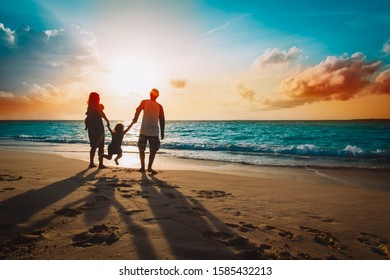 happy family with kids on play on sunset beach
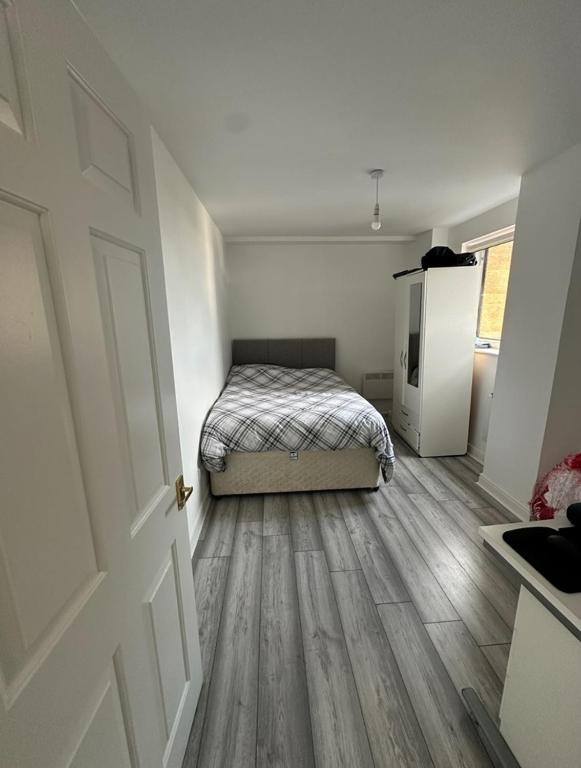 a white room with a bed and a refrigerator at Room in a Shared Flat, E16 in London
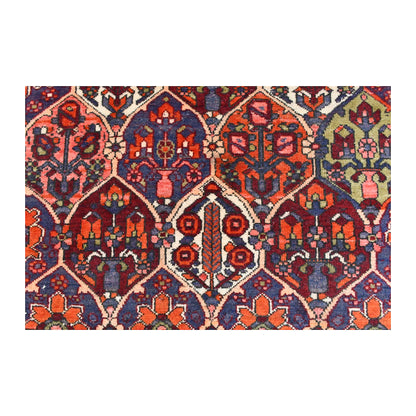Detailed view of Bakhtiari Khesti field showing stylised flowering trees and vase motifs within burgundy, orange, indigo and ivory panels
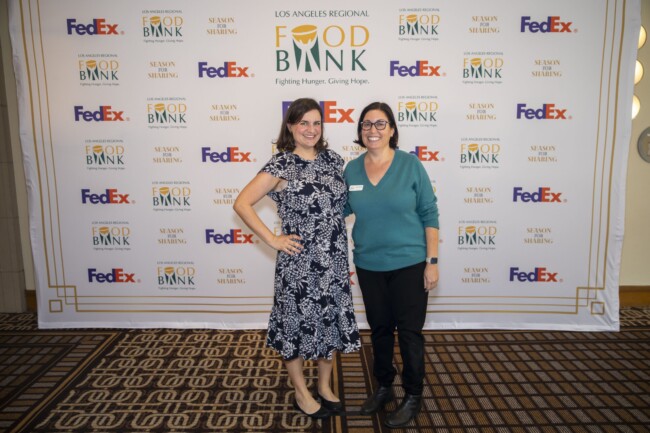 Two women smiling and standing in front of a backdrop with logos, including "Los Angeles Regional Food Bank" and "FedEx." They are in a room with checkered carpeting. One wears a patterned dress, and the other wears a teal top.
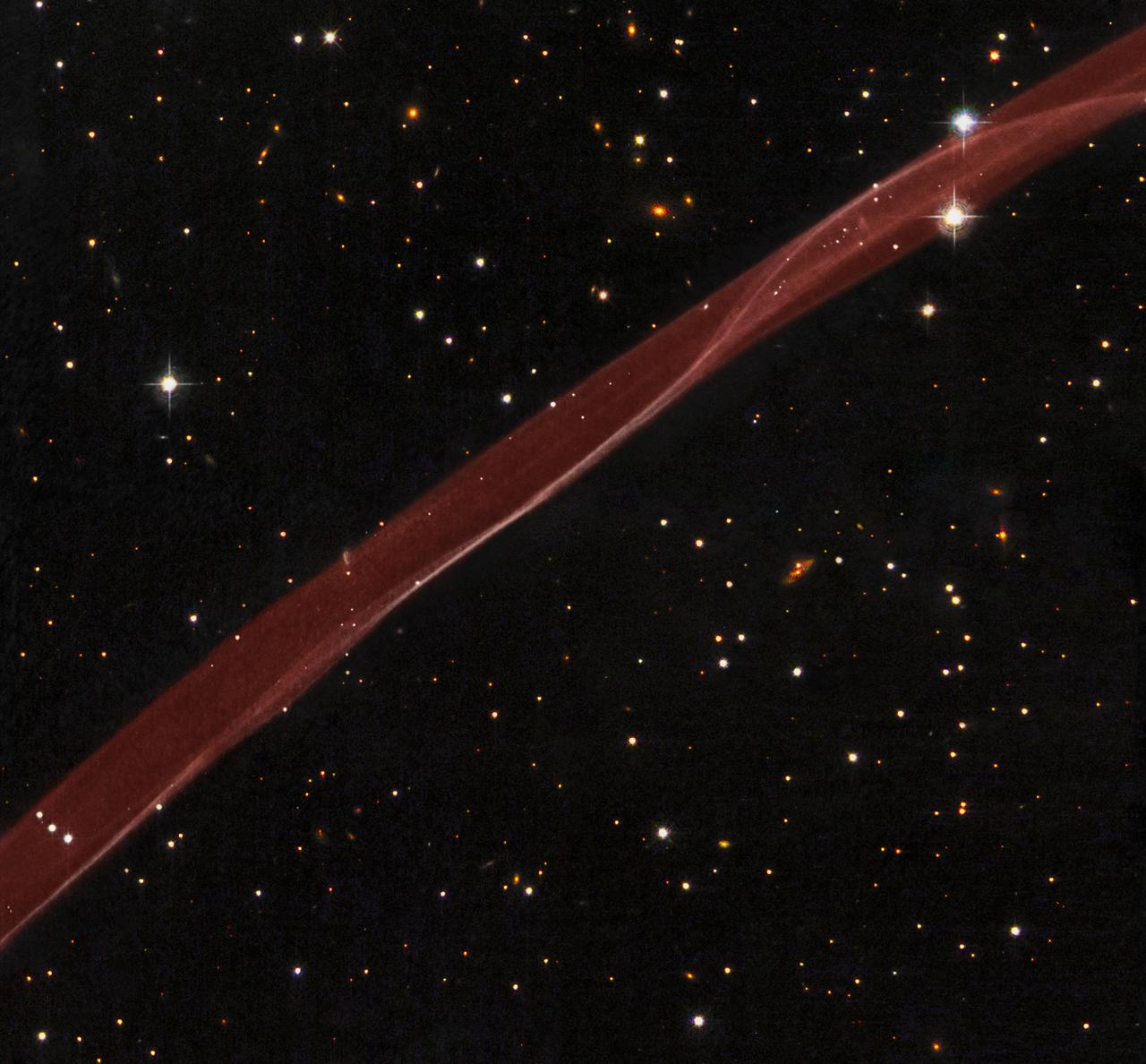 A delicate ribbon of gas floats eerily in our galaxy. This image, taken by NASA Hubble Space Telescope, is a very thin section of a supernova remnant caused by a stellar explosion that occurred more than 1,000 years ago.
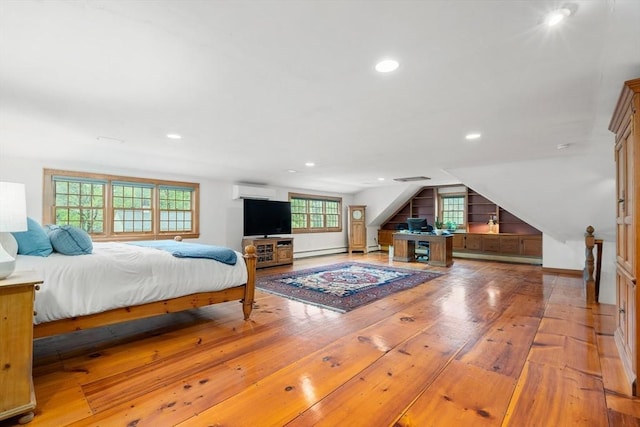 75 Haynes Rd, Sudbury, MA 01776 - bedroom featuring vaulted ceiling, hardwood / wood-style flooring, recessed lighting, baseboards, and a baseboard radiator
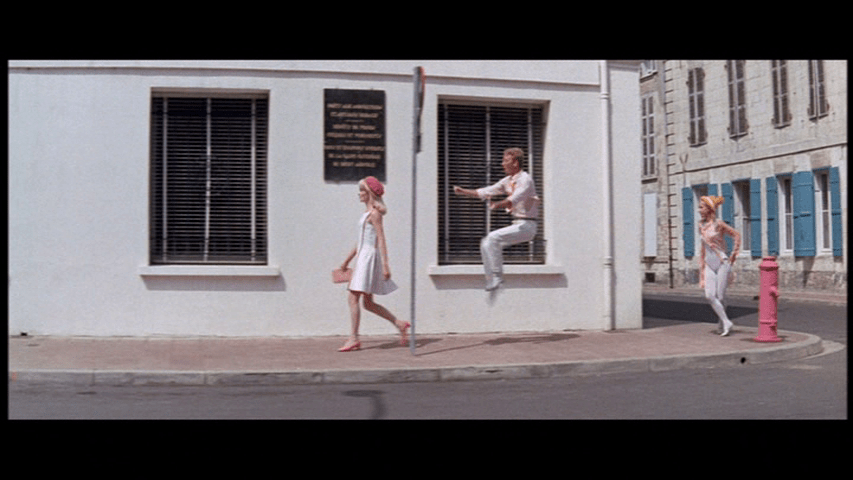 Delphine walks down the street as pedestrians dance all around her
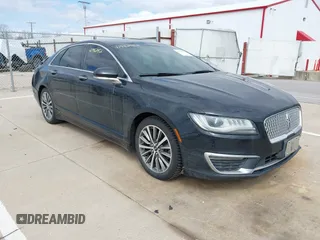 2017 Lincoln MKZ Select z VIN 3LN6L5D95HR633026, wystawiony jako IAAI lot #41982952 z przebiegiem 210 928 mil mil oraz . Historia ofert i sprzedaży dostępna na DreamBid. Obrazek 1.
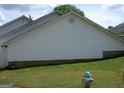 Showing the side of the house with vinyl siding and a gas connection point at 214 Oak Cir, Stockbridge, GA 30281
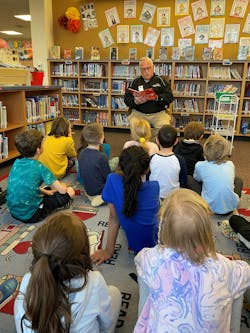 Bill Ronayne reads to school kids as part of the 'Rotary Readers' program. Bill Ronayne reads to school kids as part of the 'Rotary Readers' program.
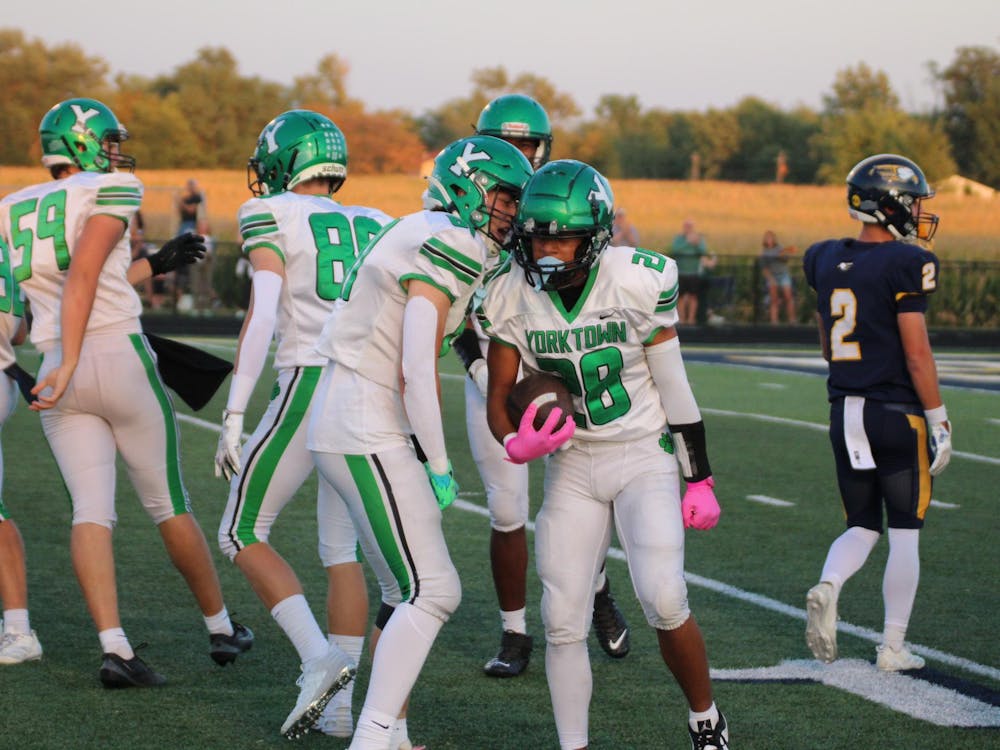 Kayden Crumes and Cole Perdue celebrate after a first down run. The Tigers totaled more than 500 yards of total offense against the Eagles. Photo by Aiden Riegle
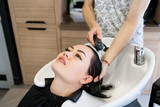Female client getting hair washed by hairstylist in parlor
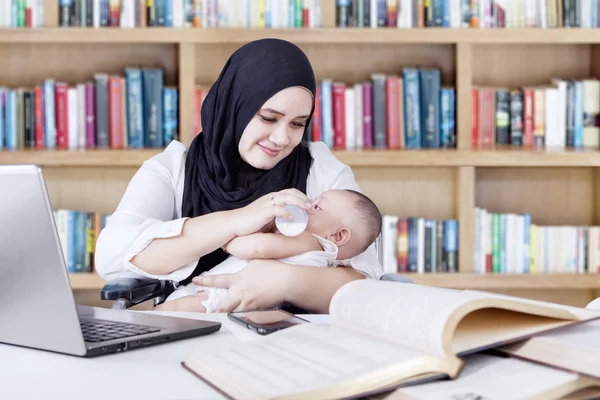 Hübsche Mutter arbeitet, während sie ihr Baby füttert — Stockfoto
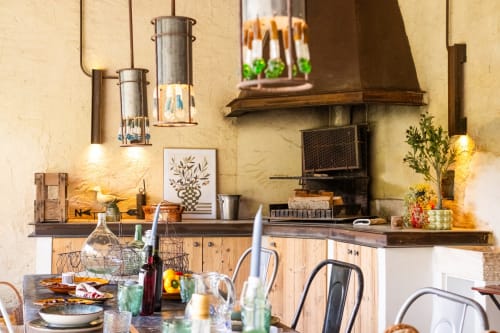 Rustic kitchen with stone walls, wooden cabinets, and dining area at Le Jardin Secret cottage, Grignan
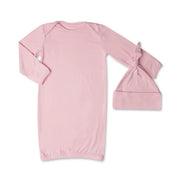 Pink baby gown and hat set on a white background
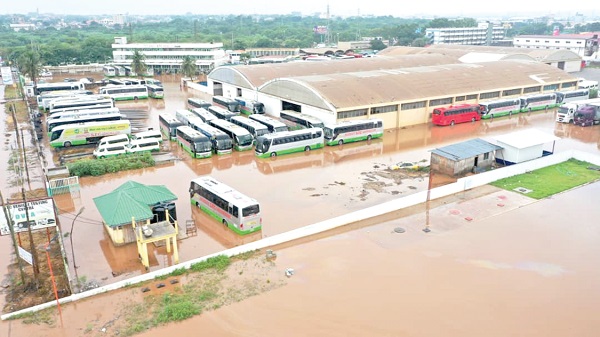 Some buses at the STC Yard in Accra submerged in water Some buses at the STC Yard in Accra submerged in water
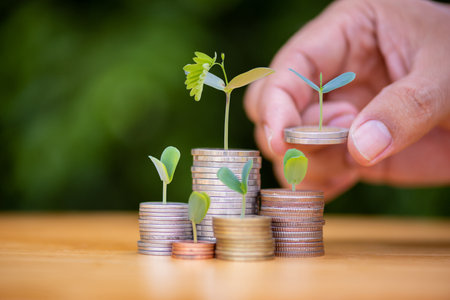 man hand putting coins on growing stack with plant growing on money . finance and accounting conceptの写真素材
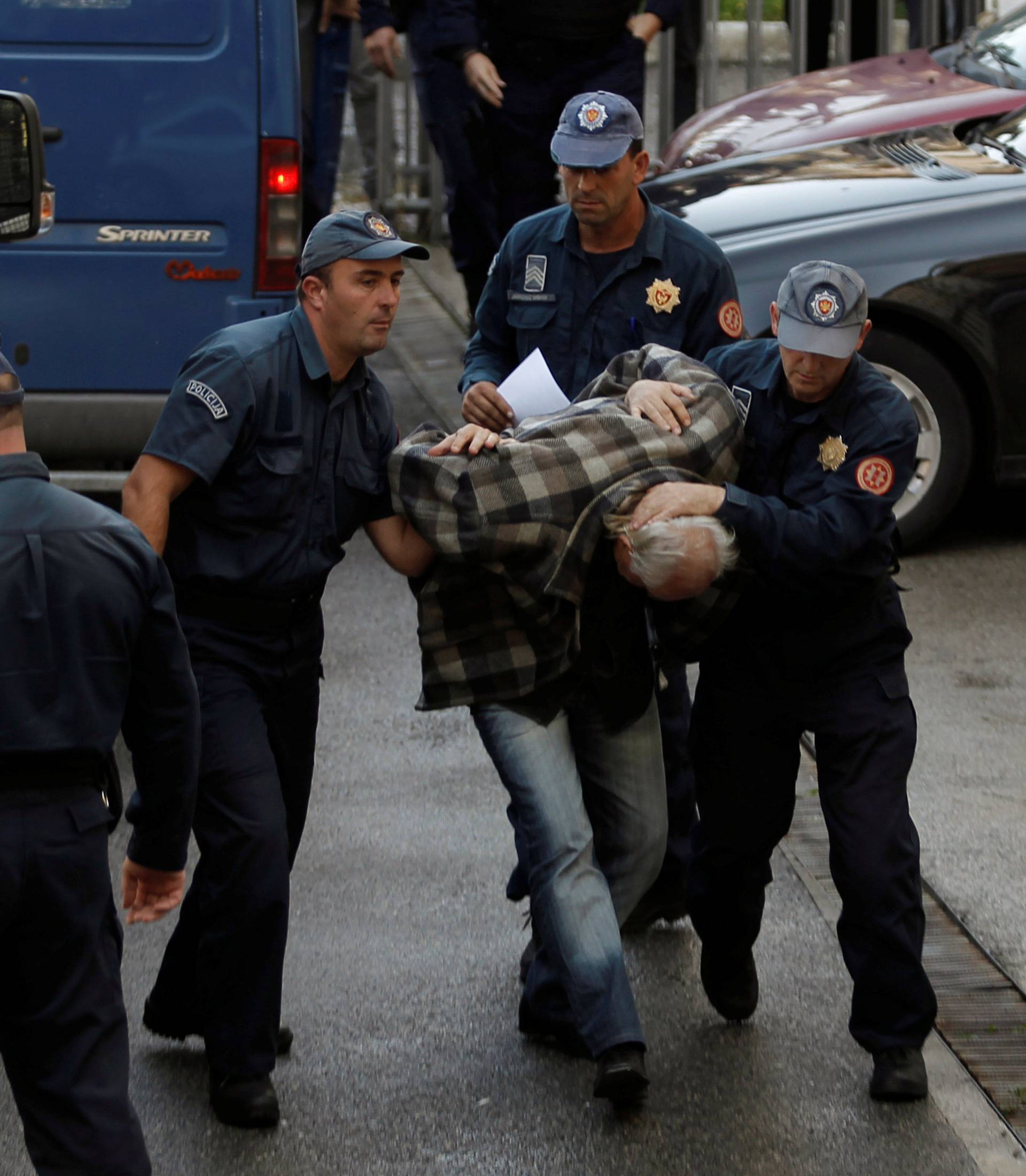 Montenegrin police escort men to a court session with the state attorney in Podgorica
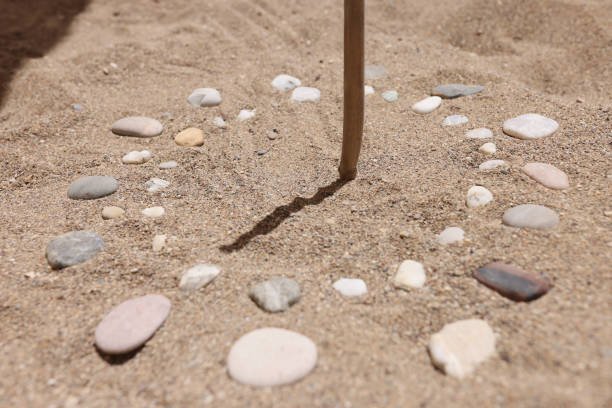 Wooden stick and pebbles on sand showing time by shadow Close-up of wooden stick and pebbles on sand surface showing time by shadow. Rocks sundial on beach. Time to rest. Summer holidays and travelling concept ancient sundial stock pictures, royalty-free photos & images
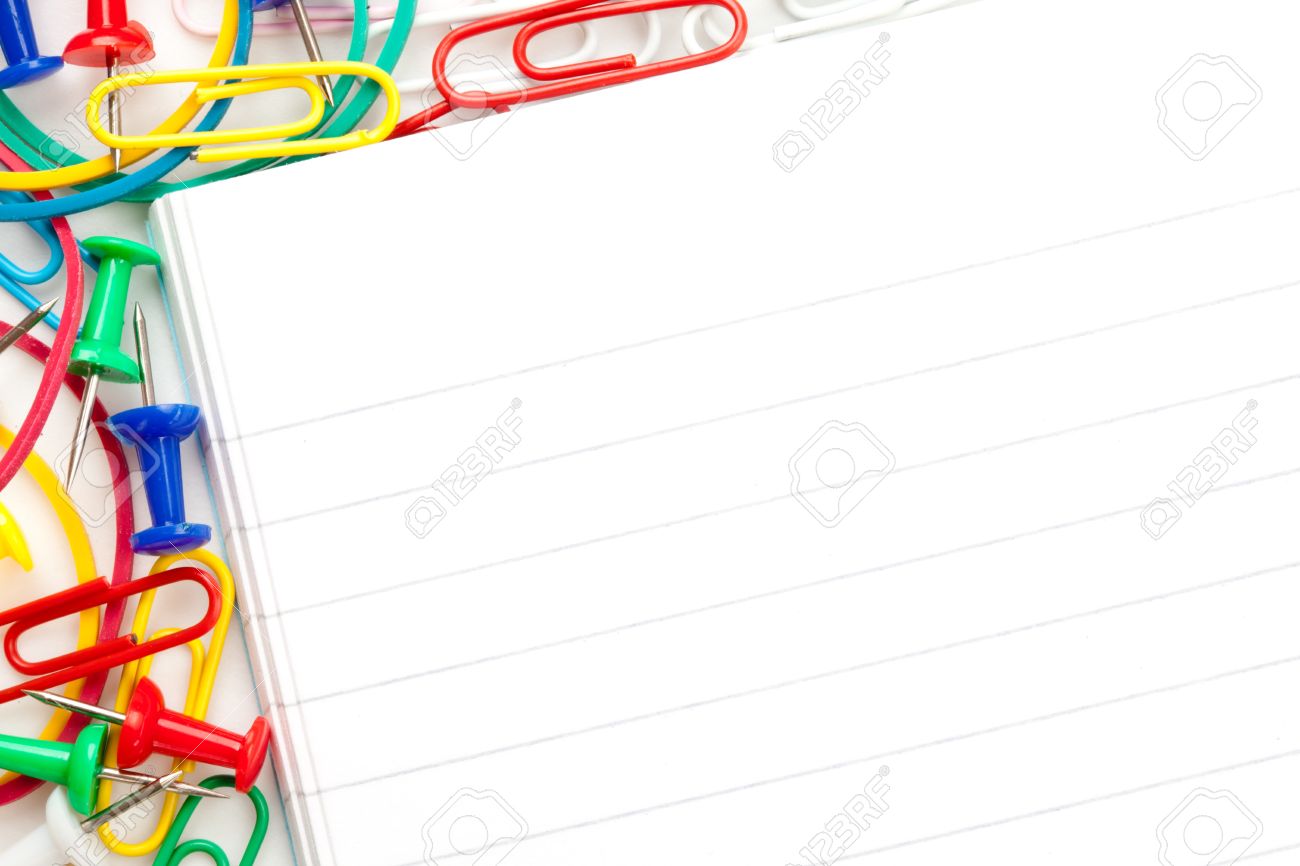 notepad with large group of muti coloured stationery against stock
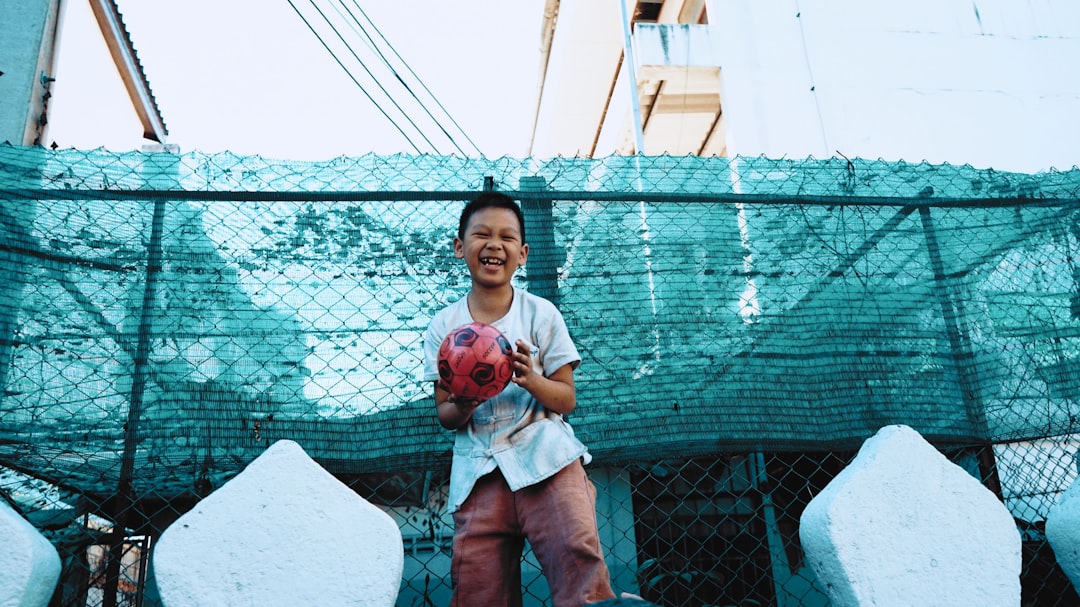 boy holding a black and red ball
* * *
Exactly the lines from the top of the listing through the line with "Hübsche Mutter arbeitet, während", and no pictures, should be printed.

_Result of the task:_
 happy family with kids on play on sunset beach
 a white room with a bed and a refrigerator at Room in a Shared Flat, E16 in London
Detailed view of Bakhtiari Khesti field showing stylised flowering trees and vase motifs within burgundy, orange, indigo and ivory panels
 Two women smiling and standing in front of a backdrop with logos, including "Los Angeles Regional Food Bank" and "FedEx." They are in a room with checkered carpeting. One wears a patterned dress, and the other wears a teal top.
 A delicate ribbon of gas floats eerily in our galaxy. This image, taken by NASA Hubble Space Telescope, is a very thin section of a supernova remnant caused by a stellar explosion that occurred more than 1,000 years ago.
 75 Haynes Rd, Sudbury, MA 01776 - bedroom featuring vaulted ceiling, hardwood / wood-style flooring, recessed lighting, baseboards, and a baseboard radiator
 Delphine walks down the street as pedestrians dance all around her
 2017 Lincoln MKZ Select z VIN 3LN6L5D95HR633026, wystawiony jako IAAI lot #41982952 z przebiegiem 210 928 mil mil oraz . Historia ofert i sprzedaży dostępna na DreamBid. Obrazek 1.
 Showing the side of the house with vinyl siding and a gas connection point at 214 Oak Cir, Stockbridge, GA 30281
 Bill Ronayne reads to school kids as part of the 'Rotary Readers' program. Bill Ronayne reads to school kids as part of the 'Rotary Readers' program.
 Kayden Crumes and Cole Perdue celebrate after a first down run. The Tigers totaled more than 500 yards of total offense against the Eagles. Photo by Aiden Riegle
Female client getting hair washed by hairstylist in parlor
 Hübsche Mutter arbeitet, während sie ihr Baby füttert — Stockfoto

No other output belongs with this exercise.